Suppose that, instead of $\mathbb{Q}$, we have $\mathbb{F}_p$. What are the conditions according to which $X_p$ is integral?
On
Per definition the generic fibre consists of primes $\mathfrak p \in Spec ~\mathbb Z[T_1,T_2]/(T_1T_2^2-m)$ with $\mathfrak p \cap \mathbb Z=(0)$.
These are precisely the primes, which survive localisation of $\mathbb Z[T_1,T_2]/(T_1T_2^2-m)$ at $S := \mathbb Z \setminus \{0\}$, hence equal to $Spec ~ \mathbb Q[T_1,T_2]/(T_1T_2^2-m)$.

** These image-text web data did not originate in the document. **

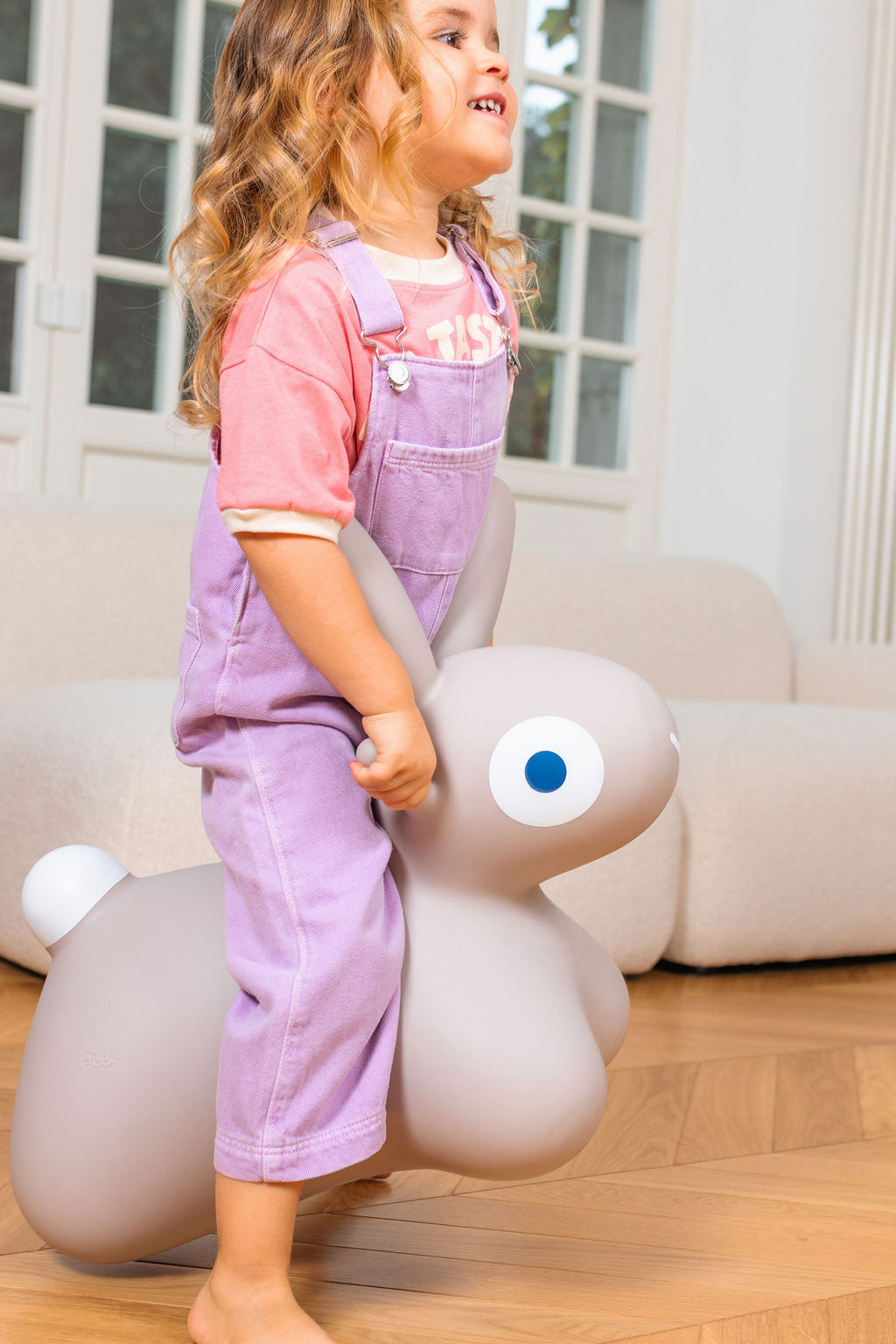 Hoppi - Bunny Warm Grey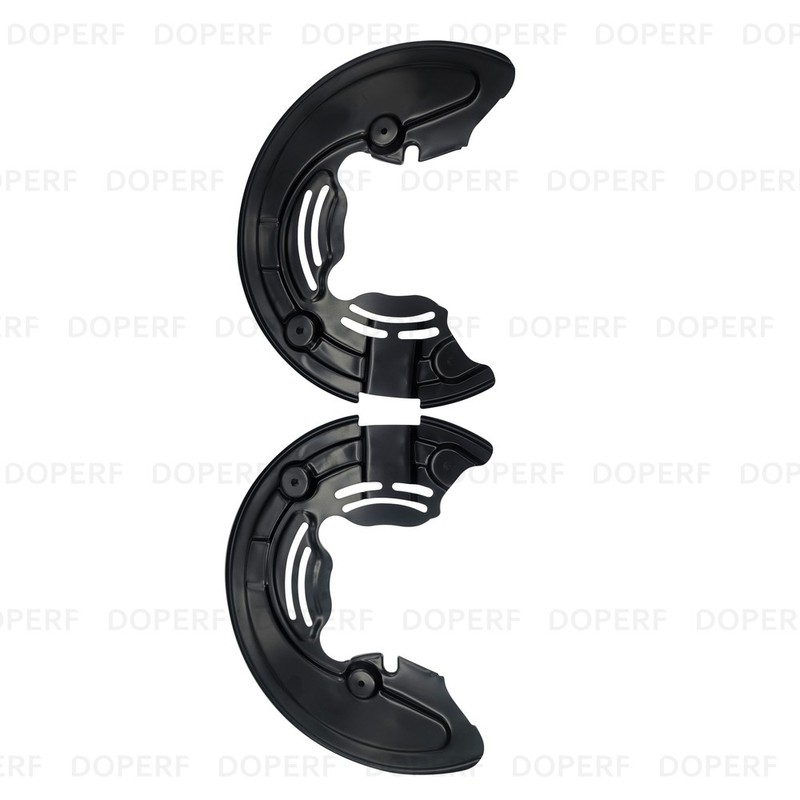 Pair Front Brake Dust Shields Splash For 2007-2023 Lincoln Navigator Ford F-150 gallery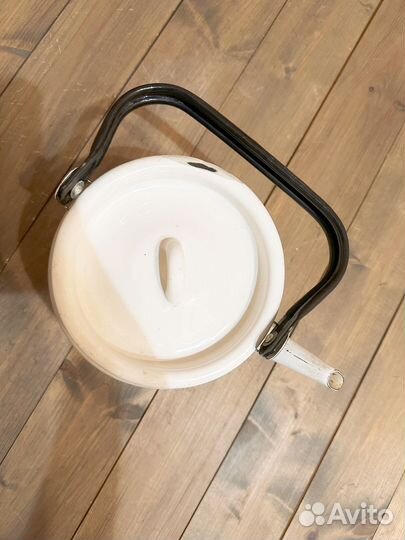 Чайник эмалированный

Furthermore we can calculate $\mathbb Q[T_1,T_2]/(T_1T_2^2-m) = \mathbb Q[T_2,\frac{m}{T_2^2}] = \mathbb Q[T_2,\frac{1}{T_2^2}] = \mathbb Q[T_2,\frac{1}{T_2}]$.
On
For the sake of completeness (You have already solved it and i believe you :)), let us consider the 2nd question. If $X$ is a scheme over $\mathbb F_p$, the fibre over $p$ of the unique morphism $X \to Spec ~\mathbb Z$ is $X$ itself. So we just need to check for which integers $m$ the polynomial $T_1T_2^2-m$ is prime (=irreducible) in $\mathbb F_p[T_1,T_2]$, which is an easy exercise.

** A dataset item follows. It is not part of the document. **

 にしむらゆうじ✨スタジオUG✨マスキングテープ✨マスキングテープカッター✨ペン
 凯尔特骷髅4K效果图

Here is an answer to your first question:
Note that the morphism $f$ is induced by the injective homomorphism $$\mathbb{Z} \to \mathbb{Z}[T_1,T_2]/(T_1 T_2^2 - m).$$ As MooS wrote, the generic fibre of $f$ is given by those prime ideals of $\mathbb{Z}[T_1,T_2]/(T_1 T_2^2 - m)$ that restrict to $(0)$ in $\mathbb{Z}$. These are precisely the prime ideals of the localization $(\mathbb{Z}\setminus \{0\}) ^{-1}(\mathbb{Z}[T_1,T_2]/(T_1 T_2^2 - m)) = \mathbb{Q}[T_1,T_2]/(T_1 T_2^2 - m)$.
For the second part of the first question it suffices to construct an isomorphism between $\mathbb{Q}[T_1, T_2]/(T_1 T_2^2 - m)$ and $\mathbb{Q}[T_2, 1/T_2]$. For this, consider $$\mathbb{Q}[T_2, 1/T_2] \to \mathbb{Q}[T_1,T_2]/(T_1 T_2^2 - m)$$ defined by sending $T_2$ to the class of $T_2$. Note that this is well-defined, since the class of $T_2$ in $\mathbb{Q}[T_1, T_2]/(T_1 T_2^2 - m)$ is invertible with inverse the class of $T_1 T_2/m$.
Conversely, consider the $\mathbb{Q}$-homomorphism $$\mathbb{Q}[T_1,T_2]/(T_1 T_2^2 - m) \to \mathbb{Q}[T_2, 1/T_2]$$ defined by sending the class of $T_2$ to $T_2$ and the class of $T_1$ to $m/T_2^2$ (by definition this is well-defined).
These two homomorphisms are inverse to each other.